- _WORK ITEM_:
All records below should be repeated exactly, with the pictures left out.
------------------------------------------------------------------------
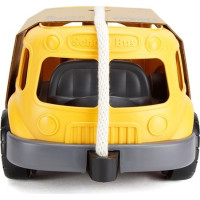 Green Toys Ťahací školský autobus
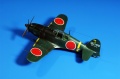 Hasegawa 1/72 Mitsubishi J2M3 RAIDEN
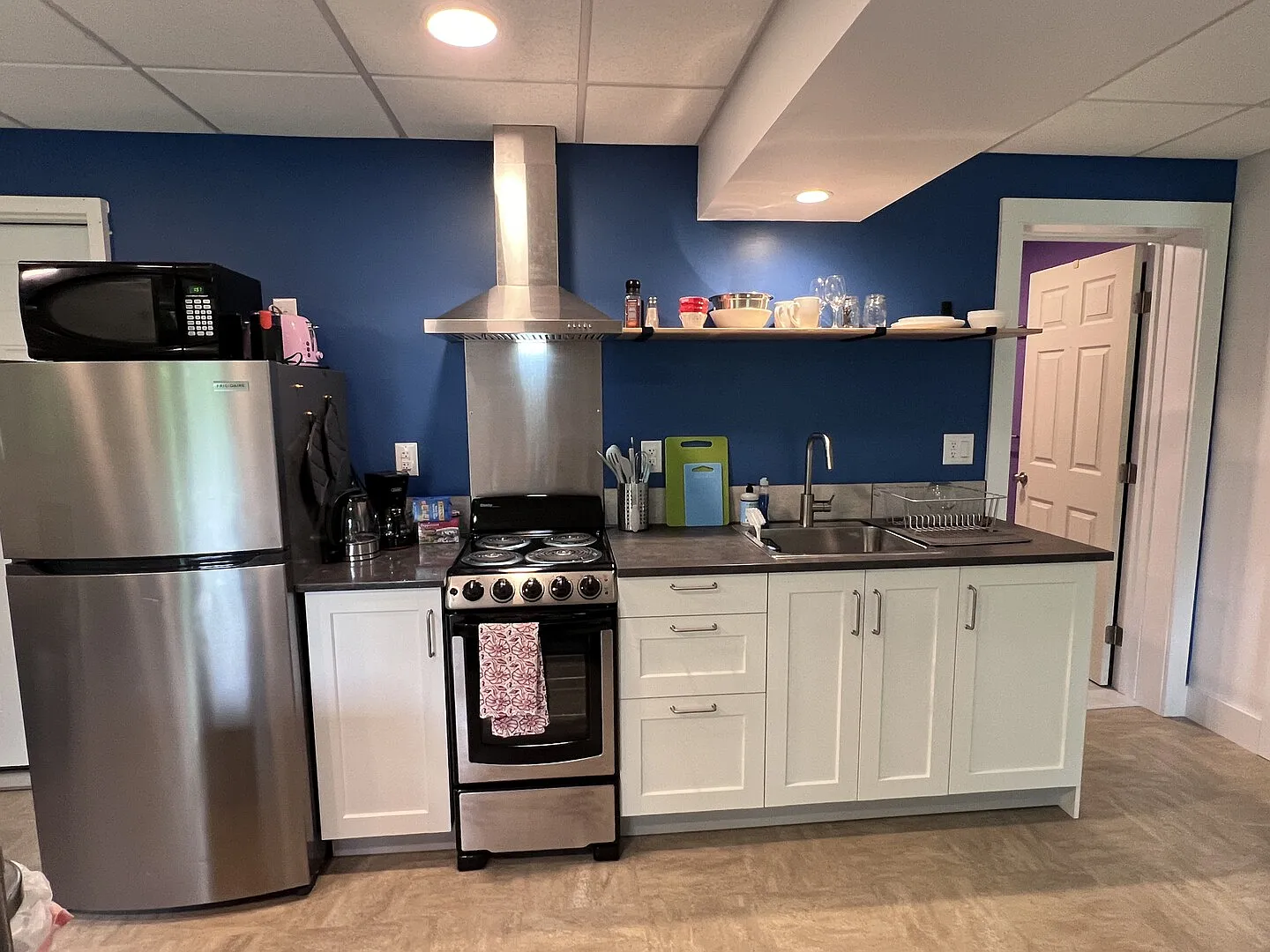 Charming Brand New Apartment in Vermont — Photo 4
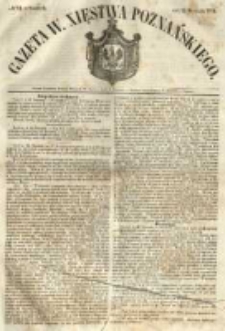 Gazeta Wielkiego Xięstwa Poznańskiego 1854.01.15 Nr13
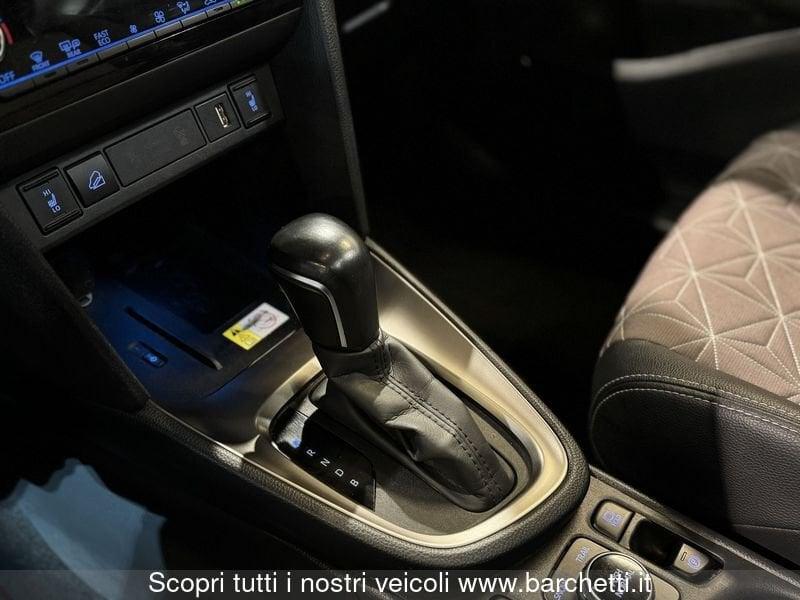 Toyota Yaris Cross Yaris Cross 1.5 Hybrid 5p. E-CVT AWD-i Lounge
------------------------------------------------------------------------
- _TASK SOLUTION_:
 Green Toys Ťahací školský autobus
 Hasegawa 1/72 Mitsubishi J2M3 RAIDEN
 Charming Brand New Apartment in Vermont — Photo 4
 Gazeta Wielkiego Xięstwa Poznańskiego 1854.01.15 Nr13
 Toyota Yaris Cross Yaris Cross 1.5 Hybrid 5p. E-CVT AWD-i Lounge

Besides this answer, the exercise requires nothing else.